La France aurait-elle oublié à ses dépens cette formule du général de Gaulle « Un État n’a pas d’amis, il n’a que des intérêts » ? C’est clairement ce que l’on peut retenir de l’échec retentissant que nous venons de subir avec le dossier des sous-marins australiens, qui se révèle être « le flop du siècle ». Si, d’un point de vue commercial et industriel, la torpille a créé quelques avaries, elle risque d’être létale du point de vue diplomatique. Rappelons qu’il s’agissait d’un contrat, annoncé en 2016 et scellé en 2019, initialement de 35 milliards d’euros sur cinquante ans, pour douze sous-marins d’attaque conventionnels. Tout l’armement avait été confié à l’Américain Lockheed Martin, et la part française attribuée à Naval Group, dont Thalès est actionnaire à 35 %, (ne) représentait (que) 8 milliards d’euros. Les sous-marins devaient être construits en Australie et l’industriel français s’était engagé à ce que 60 % de la valeur du contrat soit dépensée dans le pays signataire et qu’y soient créés près de 1 800 emplois au cours des prochaines années. Même s’il s’agissait d’une victoire de prestige pour notre industrie d’armement, le qualificatif de « contrat du siècle » était davantage une formule politique qu’une réalité commerciale.

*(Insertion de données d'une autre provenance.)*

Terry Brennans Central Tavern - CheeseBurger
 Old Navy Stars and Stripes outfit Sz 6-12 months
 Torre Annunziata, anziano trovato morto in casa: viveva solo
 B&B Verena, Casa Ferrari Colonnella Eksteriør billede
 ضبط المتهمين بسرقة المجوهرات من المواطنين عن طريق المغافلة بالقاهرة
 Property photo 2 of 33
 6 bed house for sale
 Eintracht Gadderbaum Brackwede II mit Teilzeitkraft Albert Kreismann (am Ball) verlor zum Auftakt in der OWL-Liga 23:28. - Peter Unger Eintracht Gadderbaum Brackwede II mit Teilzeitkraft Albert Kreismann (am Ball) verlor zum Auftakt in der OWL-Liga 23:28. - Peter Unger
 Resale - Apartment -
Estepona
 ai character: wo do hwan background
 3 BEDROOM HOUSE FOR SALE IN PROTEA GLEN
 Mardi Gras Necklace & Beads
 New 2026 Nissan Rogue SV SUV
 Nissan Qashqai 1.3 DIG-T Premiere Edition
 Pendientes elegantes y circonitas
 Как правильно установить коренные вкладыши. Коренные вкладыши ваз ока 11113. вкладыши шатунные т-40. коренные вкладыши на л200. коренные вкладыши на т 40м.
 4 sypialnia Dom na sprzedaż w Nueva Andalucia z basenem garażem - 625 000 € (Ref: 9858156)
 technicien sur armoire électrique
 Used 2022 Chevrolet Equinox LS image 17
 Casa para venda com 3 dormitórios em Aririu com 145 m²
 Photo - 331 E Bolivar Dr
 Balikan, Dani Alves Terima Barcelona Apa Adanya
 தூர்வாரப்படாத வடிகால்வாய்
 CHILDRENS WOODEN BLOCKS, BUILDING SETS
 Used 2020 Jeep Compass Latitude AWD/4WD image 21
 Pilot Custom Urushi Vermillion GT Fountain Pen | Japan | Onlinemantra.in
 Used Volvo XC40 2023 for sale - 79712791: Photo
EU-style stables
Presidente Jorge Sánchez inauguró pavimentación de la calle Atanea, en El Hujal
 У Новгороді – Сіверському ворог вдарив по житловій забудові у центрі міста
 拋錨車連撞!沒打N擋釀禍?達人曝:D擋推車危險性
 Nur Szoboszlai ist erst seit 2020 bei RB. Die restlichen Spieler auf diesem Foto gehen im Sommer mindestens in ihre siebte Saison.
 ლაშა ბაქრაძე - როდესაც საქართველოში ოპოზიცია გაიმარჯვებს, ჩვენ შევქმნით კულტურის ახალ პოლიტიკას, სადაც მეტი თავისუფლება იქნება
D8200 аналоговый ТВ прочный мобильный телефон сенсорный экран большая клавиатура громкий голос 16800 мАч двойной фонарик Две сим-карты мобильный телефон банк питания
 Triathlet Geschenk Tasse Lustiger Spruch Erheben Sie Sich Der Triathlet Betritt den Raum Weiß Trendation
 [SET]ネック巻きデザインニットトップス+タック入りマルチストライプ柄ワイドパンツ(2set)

En revanche, par cet accord important, la France affirmait sa présence dans cette partie du monde, « l’Indopacifique », dont elle constitue l’une des nations par ses territoires d’outre-mer (les départements de La Réunion et de Mayotte, les collectivités de Nouvelle-Calédonie et de Polynésie française, le territoire de Wallis-et-Futuna, les Terres australes et antarctiques françaises – TAAF). À l’évidence, la polarité mondiale – qui, depuis un siècle, se concrétisait par un dialogue et des échanges de part et d’autre de l’Atlantique entre l’Amérique et l’Europe – s’est déplacée dans l’autre partie du globe, au sein d’un vaste espace comportant deux océans, Indien et Pacifique, allant des côtes Est de l’Afrique jusqu’à la Chine. On estime qu’en 2030, 60 % du PIB mondial prendra sa source dans ce nouvel Eldorado. Pour l’avenir de notre pays, il est d’intérêt stratégique d’en être l’un des acteurs. En effet, 93 % de nos zones économiques exclusives (ZEE) sont situées dans cet intervalle. Cela signifie que, selon le droit international de la mer, l’État côtier (La France) a pouvoir d’y exercer des droits souverains et économiques en matière d’exploration et d’usage des ressources naturelles. C’est un potentiel de richesses inexploitées exceptionnel. Pour la France, un atout précieux !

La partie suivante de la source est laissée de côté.